Sounds great.....looking forward to seeing your photos.....welcome to the forum..:have fun:


----------



## Northerner (Nov 2, 2011)

Might I suggest that, when it's completed and, if it's being parked in Wigan, that you put the following notice on the vehicle in a prominent position:

'No pies are stored in this vehicle overnight.'

It may prevent the occasional break-in.

(That's a Wigan joke for all you effete Southerners!)


----------



## Wigan Pixie (Nov 2, 2011)

I've seen those stickers and I really want one, quite fancy a pie now too


----------



## Marilyn (Nov 2, 2011)

Hi Pix

Really like the sound of your merc and will be very interested to see your photos.

What type of music festivals do you go to?  OH and I are into folk music and go to several folk festivals each year in our MH.  I'm too much of a wuss for real camping these days - like my comfort - but still like the atmosphere on the festival campsite (oh! and it's a lot cheaper than B&B!)

Good luck


----------



## Wigan Pixie (Nov 2, 2011)

Hi Marilyn, we'll go to any music festival that will have us. So far we've done Larmer Tree, Nozstock, Bearded Theory, Beat Herder, Alchemy, Green Peaks Eco Fest and Solfest. There is usually variety of music types, so we get to see hear lots of music we don't usually listen to. I've never done just a folk festival but would quite like to, as I've just started to learn to play the fiddle. Do you know of any folk festivals that have workshops, preferably with a free kids area to keep my boy amused.


----------



## just jane (Nov 2, 2011)

Wigan Pixie said:


> Hi Marilyn, we'll go to any music festival that will have us. So far we've done Larmer Tree, Nozstock, Bearded Theory, Beat Herder, Alchemy, Green Peaks Eco Fest and Solfest. There is usually variety of music types, so we get to see hear lots of music we don't usually listen to. I've never done just a folk festival but would quite like to, as I've just started to learn to play the fiddle. Do you know of any folk festivals that have workshops, preferably with a free kids area to keep my boy amused.

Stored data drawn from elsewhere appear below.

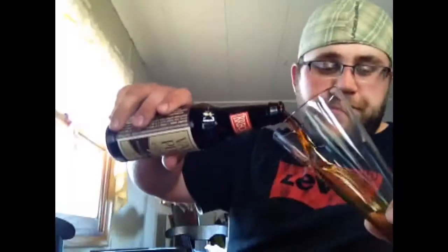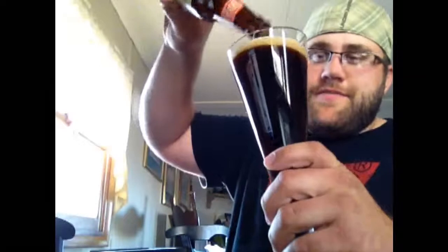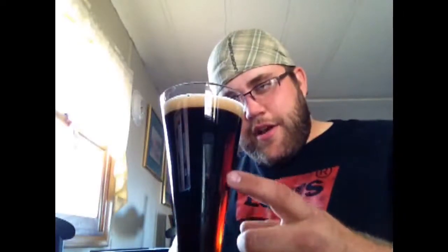Let's give this an aggressive pour and see what it looks like. There's a little bit of an amber hue — the light shining through makes it not quite as dark as I expected. According to them it's deep brown in color, but I see a little red in there. One finger tan head, big bubbles popping and spurting around. I can smell the vanilla from here, which is great. It's probably a little too cold — I took it right out of the fridge and let it sit about 10 minutes.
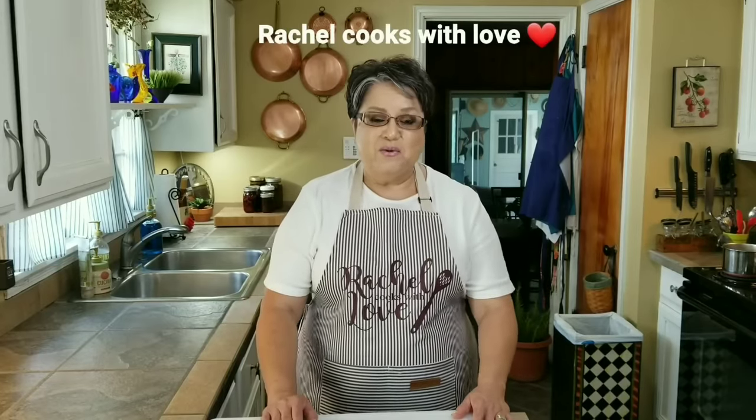Hi everybody! Today on Rachel Cooks with Love, I'm going to show you how I make my delicious Dutch Oven Pot Roast. It's a simple recipe but it's loaded with flavor and it's also one of my favorite comfort foods. Let's get started.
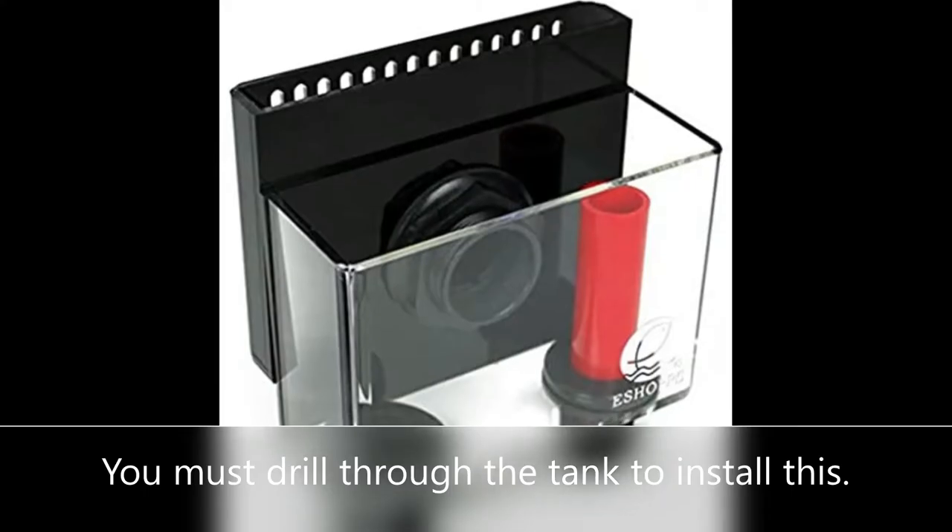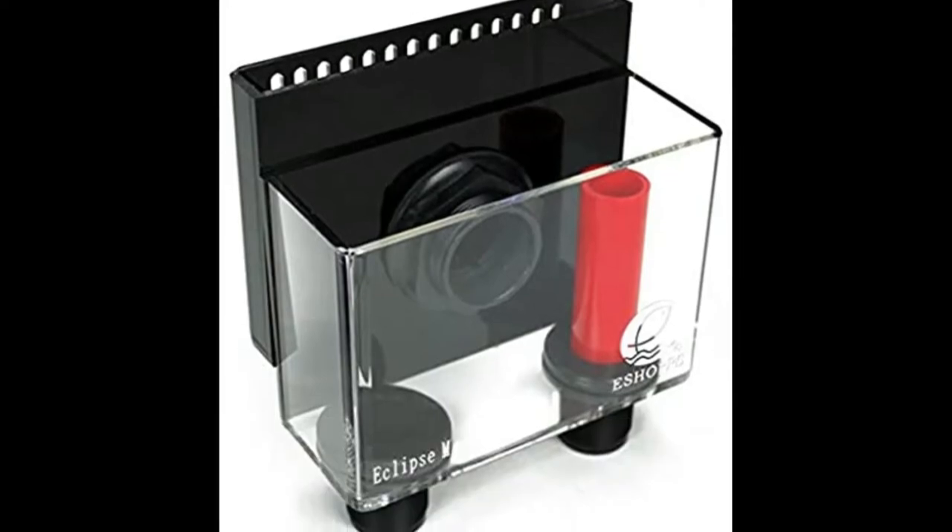A skimmer, if you're not aware of what it is — though you probably do, which is why you're watching this video — is a small box on the inside of the aquarium mounted all the way up at the top of the water, where the surface can drop down into the skimmer and then drain out into your filter. I will show you a quick image here of how that works. In order to install that skimmer, you need to drill a hole in the aquarium.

Hi pixie :wave:  I knew you meant Bearded Theory as soon as you mentioned knitting workshops, its such a lovely little festival. I fancy Alchemy next year, it happens to fall on my 25 wedding anniversary.


----------



## Wigan Pixie (Nov 2, 2011)

You really must come to Alchemy Jane, it's a brilliant festival. Toby (who organises it) is happy for people to arrive a couple of days early and hang around for a few days afterwards too. You won't be disappointed if you come along.


----------



## just jane (Nov 2, 2011)

Wigan Pixie said:


> You really must come to Alchemy Jane, it's a brilliant festival. Toby (who organises it) is happy for people to arrive a couple of days early and hang around for a few days afterwards too. You won't be disappointed if you come along.



I will keep my eye on it but I work in education so cant get there till Friday afternoon and have to leave Sunday night.

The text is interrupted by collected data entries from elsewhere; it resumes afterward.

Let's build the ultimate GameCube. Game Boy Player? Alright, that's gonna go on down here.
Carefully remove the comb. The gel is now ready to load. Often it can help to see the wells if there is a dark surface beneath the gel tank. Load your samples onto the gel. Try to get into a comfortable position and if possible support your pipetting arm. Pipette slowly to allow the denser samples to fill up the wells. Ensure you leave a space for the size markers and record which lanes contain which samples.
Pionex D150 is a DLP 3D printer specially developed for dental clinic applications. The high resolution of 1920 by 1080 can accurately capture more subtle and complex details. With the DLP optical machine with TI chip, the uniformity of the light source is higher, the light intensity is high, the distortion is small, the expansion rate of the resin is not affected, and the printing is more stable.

Ive just seen your request for festivals with workshops, have a look at Middlewich folk and boat, I cant remember about a kids area it looked good but I didnt have my kids with me but they had some great fiddle workshops in the local pubs.


----------



## scampa (Nov 2, 2011)

Hi and Welcome Pixie! :wave:


----------



## Marilyn (Nov 3, 2011)

Wigan Pixie said:


> ... I've never done just a folk festival but would quite like to, as I've just started to learn to play the fiddle. Do you know of any folk festivals that have workshops, preferably with a free kids area to keep my boy amused.



Off the top of my head, no, but I will ask around among my folky friends and see what they say.


----------



## Guernsey Donkey (Nov 3, 2011)

Hi Pixie and welcome to the site - it all sounds very interesting from the van to the knitting to the fiddle. Hope to bump into you one day.

John & Ruth
(Guernsey Donkey)


----------